As a naturopath with a large hormone focus in my practice, I see many couples with fertility struggles. The diagnosis that most commonly brings people to a me is ‘unexplained infertility’. This confusing diagnosis leaves couples unsure of what to do next – should they move forward with invasive fertility treatments, or simply keep trying themselves?
Below are ten things I wish everyone knew about unexplained infertility to move through this diagnosis with optimal support.
1. Unexplained infertility simply means undiagnosed.
This point is the most important. In many cases, there has not been adequate testing done to identify the issue causing fertility struggles. If you have only had very basic bloodwork, one round of cycle monitoring and a semen analysis, keep looking!
2. Endometriosis is the most common cause of unexplained infertility.
Because endometriosis is not a condition that can be tested on bloodwork or seen on ultrasound, it is not often identified in a preliminary fertility workup. If you have painful periods (usually since puberty), painful intercourse, very heavy flow, or cramps leading up to menstruation, this could be the answer. Unfortunately, endometriosis can only be accurately diagnosed through laparoscopic surgery, but there are natural ways to reduce pelvic inflammation that can help.
3. Stress can affect your fertility.
Stress affects your ovulation response, progesterone levels, thyroid function and amplifies most health conditions. If everything else looks normal, look for ways to support stress management, such as yoga, acupuncture or mindfulness. Stress alone is rarely the answer, but it amplifies any other issues that may be present.
4. Your immune system can also affect fertility.
If you have immune conditions such as significant environmental allergies, eczema, asthma or an autoimmune condition (ex. thyroid disorders, rheumatoid arthritis, lupus, celiac disease, crohn’s disease or colitis), your immune system may not be receptive to pregnancy. Supporting your immune system and lowering inflammation through diet can be very helpful.

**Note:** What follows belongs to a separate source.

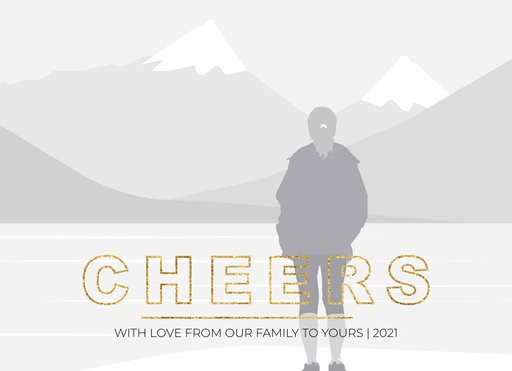 1-Up Full Bleed + Cheers Greeting (Gold)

5. Egg quality can be an issue, even in your early thirties, and is very likely an issue in your late thirties or early forties.
Unfortunately our eggs age as we do, and in some cases prematurely. When all hormonal tests look normal, consider testing your ovarian reserve with a test called “Anti-Müllerian” hormone as an indicator. On a positive note, supplements such as coenzyme Q10 which support mitochondrial function can help support egg quality.